The poet Ludwig Helmbold (Louis Helmboldt), in the tone and power of his compositions, is more akin to Martin Luther and his contemporaries, although in age he belongs to a later generation..
He was, like Nikolaus Selnecker and Bartholomäus Ringwaldt, a native of one of the great free cities, Mühlhausen, where his father, a wealthy woollen manufacturer, was a senator and had married into one of the neighbouring noble families. At fifteen the young Ludwig already went to the university of Erfurt.
At eighteen his native city made him head-master of one of its schools - a position, however, which he found it best to resign in about eighteen months. He then returned to Erfurt, obtained a professorship, and for seventeen years was Dean of the Philosophical Faculty. At this university there was at that time both a Romanist and an Evangelical party; and when the former from political circumstances for a while obtained the preponderance, Helmbold, as a leader of the latter, was obliged to leave, to the great indignation of the town and the students. He went back to Mühlhausen, and at the age of forty took orders, and was appointed by the town-council to one of their churches, and to the rectorship of a great school; and was finally made general-superintendent, an office answering to that of a bishop with us.

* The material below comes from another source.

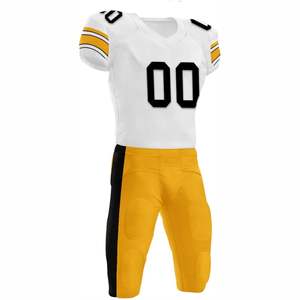 Conjunto de Uniforme de Fútbol Americano Transpirable de Alta Calidad para Adultos - Jersey Personalizable de Manga Corta para Entrenamiento y Torneos - Product Image 6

Ludwig Helmbold was one of the principal poets of his day, and published a number of Latin odes and elegies, for which the Emperor Maximilian, at the Diet of Augsburg, awarded him the honours and emoluments of poet-laureate. Of his German writings the odes are said to be very poor, but he was a fertile song-writer both for the school and home, after the manner of Nikolaus Herman, and for the Church. One of his hymns is to be found in all German hymn-books, and has rooted itself among the people. It was written in 1563, when a terrible pestilence attacked Erfurt, and in the course of a year destroyed 4,000 of its inhabitants, so that the university had to be broken up for some months. Helmbold gave this hymn to the wife of one of his friends, as she was starting on a hasty flight from the city; and in most of the old hymn-books it is headed ‘The True Christian's Vade-Mecum’.